I’ve also started asking for help. My husband used to come in and leave a pile of shoes, windpants and a jacket on the entryway floor Every. Single. Day. After about the millionth time I picked those items up, I finally wised up and kindly asked him to PLEASE put his clothes in the hamper (I may have added “FOR THE LOVE OF ALL THAT IS HOLY” to the end of that request….). I also asked him to take over the dishes after dinner. Because he is a fabulous husband and values my sanity, he kindly agreed and continues to be a huge help.
I think as moms we can take on the role of martyr. But refusing help teaches others that we don’t need the help. Then we resent them for not helping us. Mamas, we’ve got to stop this. Ask for help!
This was a difficult one to pinpoint, but thankfully it’s an easy fix! With littles, it’s often easier to stay home and avoid the chaos of being out in public with them. The downside to this, of course, is that you cooped up with the kids all the time. I’m not exactly an extrovert, but I have come to realize that there is a certain amount of socializing I need to be happy, and I have begun to be intentional about it. Now, I try to have two or three play dates or coffee dates (without kids) planned in my week. I have found that having those on the calendar is enough to brighten my mood and keep me from having a short fuse.
I admit it, I have over committed myself in the past. Between my writing commitments, church obligations, and volunteer opportunities, I keep a pretty busy schedule. I don’t know if you’ve spent time with many toddlers and infants, but they don’t do well with “busy”. They aren’t exactly “quick” to do anything, unless it’s dismantling your living room. So, on the days I had places to be and things to do, I would quickly become an angry mommy, barking at my kids to “HURRY UP!” and “GET MOVING!”. It’s ugly, I know. So, I tried to think through some solutions.

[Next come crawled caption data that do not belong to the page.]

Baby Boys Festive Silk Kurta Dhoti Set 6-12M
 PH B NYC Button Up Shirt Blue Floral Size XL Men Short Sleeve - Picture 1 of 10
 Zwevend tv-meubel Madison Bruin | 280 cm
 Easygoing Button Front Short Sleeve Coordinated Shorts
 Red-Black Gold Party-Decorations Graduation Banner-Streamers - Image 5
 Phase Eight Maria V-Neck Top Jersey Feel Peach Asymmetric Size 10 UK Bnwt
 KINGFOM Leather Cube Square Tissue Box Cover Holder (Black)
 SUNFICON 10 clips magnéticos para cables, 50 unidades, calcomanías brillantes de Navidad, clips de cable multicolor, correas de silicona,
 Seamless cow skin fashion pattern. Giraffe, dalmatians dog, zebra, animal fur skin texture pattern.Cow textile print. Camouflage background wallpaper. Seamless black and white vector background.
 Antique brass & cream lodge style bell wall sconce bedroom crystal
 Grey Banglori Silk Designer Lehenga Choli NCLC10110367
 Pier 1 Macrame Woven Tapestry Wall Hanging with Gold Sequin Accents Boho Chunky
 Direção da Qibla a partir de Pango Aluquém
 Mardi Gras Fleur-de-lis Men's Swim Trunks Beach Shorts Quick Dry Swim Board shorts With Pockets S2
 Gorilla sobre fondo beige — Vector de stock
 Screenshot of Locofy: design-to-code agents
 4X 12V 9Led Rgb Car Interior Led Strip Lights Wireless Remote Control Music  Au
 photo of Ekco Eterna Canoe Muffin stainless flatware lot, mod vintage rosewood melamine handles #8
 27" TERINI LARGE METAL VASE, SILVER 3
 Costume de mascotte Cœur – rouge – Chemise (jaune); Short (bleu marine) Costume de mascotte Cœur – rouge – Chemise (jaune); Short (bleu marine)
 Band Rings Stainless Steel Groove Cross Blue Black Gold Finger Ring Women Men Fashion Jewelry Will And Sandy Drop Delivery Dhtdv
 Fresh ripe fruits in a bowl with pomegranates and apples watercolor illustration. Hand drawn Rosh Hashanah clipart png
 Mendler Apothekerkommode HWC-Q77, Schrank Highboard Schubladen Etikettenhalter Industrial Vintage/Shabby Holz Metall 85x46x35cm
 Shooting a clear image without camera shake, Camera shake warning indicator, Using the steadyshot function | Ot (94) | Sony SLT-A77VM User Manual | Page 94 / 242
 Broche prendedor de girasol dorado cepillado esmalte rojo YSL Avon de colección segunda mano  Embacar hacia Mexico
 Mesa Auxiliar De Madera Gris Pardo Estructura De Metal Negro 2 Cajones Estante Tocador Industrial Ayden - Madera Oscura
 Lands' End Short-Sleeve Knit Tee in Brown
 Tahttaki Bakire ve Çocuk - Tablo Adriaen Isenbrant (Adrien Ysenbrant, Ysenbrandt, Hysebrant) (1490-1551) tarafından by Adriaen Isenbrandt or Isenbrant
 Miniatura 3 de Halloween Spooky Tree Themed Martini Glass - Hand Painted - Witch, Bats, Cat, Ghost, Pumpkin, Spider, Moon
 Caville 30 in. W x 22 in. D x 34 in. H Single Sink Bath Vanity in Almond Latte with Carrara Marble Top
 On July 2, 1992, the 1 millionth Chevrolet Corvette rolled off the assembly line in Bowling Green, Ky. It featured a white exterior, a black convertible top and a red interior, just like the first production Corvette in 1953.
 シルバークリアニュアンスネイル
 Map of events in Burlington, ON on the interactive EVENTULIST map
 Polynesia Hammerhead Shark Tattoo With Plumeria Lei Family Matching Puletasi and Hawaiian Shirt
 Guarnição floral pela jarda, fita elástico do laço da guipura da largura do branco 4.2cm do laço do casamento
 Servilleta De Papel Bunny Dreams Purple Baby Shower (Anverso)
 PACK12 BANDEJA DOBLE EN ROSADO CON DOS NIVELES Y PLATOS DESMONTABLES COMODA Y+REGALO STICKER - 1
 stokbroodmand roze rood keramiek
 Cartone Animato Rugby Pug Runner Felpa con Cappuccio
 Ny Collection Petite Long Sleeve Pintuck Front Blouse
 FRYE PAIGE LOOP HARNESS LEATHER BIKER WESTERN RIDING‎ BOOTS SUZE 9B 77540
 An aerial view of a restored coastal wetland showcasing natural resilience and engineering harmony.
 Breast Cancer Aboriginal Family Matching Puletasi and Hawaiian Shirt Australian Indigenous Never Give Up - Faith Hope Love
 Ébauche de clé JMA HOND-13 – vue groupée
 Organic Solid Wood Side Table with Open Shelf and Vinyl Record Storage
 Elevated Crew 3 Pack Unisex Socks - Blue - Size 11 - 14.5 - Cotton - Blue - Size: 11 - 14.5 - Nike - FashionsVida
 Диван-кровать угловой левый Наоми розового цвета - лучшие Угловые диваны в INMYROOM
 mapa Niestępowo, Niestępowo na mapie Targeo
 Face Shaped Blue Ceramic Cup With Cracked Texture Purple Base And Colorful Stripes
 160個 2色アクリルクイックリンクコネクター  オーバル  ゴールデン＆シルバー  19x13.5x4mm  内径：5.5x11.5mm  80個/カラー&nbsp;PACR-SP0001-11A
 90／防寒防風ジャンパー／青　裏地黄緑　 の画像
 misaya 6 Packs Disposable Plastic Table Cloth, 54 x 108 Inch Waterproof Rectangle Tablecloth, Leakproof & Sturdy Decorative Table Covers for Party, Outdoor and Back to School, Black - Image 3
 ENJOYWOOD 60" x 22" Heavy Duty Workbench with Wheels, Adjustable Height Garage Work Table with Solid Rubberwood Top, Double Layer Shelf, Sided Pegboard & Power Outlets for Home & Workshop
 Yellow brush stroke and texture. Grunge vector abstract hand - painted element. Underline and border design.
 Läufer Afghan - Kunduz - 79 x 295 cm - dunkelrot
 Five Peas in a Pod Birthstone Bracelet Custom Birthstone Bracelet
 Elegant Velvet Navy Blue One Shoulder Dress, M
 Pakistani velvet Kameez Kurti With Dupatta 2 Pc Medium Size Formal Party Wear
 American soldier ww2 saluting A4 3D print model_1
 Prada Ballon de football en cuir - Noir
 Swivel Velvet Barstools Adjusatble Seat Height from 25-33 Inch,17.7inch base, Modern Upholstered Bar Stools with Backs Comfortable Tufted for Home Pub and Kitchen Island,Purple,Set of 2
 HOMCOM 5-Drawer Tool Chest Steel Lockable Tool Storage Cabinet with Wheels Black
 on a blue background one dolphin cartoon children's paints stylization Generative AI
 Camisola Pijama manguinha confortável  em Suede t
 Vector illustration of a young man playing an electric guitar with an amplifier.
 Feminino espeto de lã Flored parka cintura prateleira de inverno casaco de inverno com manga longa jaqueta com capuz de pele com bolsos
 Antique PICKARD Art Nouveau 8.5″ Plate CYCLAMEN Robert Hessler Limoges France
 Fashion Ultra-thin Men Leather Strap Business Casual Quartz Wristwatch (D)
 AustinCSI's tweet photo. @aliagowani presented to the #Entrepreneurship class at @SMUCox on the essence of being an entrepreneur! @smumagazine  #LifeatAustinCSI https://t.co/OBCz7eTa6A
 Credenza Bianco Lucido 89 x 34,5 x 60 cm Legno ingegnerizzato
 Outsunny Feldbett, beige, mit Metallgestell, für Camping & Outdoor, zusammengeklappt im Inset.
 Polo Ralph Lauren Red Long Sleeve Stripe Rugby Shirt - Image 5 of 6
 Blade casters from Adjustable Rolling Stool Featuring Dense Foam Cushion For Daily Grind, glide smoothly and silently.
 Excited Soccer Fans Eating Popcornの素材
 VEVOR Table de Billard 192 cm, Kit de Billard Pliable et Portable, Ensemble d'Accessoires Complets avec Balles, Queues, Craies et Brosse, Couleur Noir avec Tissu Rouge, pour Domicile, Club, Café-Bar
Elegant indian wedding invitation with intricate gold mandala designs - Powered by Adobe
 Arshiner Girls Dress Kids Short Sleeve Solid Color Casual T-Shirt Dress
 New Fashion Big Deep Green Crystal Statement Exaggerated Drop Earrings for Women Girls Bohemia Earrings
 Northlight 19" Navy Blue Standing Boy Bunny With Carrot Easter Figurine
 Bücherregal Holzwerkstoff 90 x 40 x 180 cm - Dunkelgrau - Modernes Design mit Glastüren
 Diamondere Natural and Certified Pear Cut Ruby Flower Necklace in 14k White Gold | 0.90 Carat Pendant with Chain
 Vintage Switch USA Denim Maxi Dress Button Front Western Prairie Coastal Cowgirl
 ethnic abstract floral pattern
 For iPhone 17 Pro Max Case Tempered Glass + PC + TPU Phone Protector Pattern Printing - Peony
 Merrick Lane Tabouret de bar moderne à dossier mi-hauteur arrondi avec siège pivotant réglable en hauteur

The first solution was to quit some of my many activities. It’s just not the season for a packed schedule. It was time to let some things go.
Once I did that, I made designated time for non-family activities. The kids are in Mother’s Day Out twice a week and those are my 12 hours to do with what I wish and move as fast as I like. If the activities don’t fit within those twelve hours, then it’s booted off the list. This has freed me up considerably, and now, when I am physically home with the kids, I am also mentally home with the kids and I am not putting pressure on them to keep up with my crazy schedule.
I realize that not all of you reading this are stay-at-home-moms, or your kids are now in school and you no longer have the luxury of “taking the day slow”. While your life may look different than mine, the truth remains that understanding what puts you on edge can revolutionize your attitude on those difficult days. Personally, since recognizing my triggers and establishing tools to dealing with them, my mind is more at ease. I’m ready to play, snuggle and meet their needs, knowing that my needs are getting met too.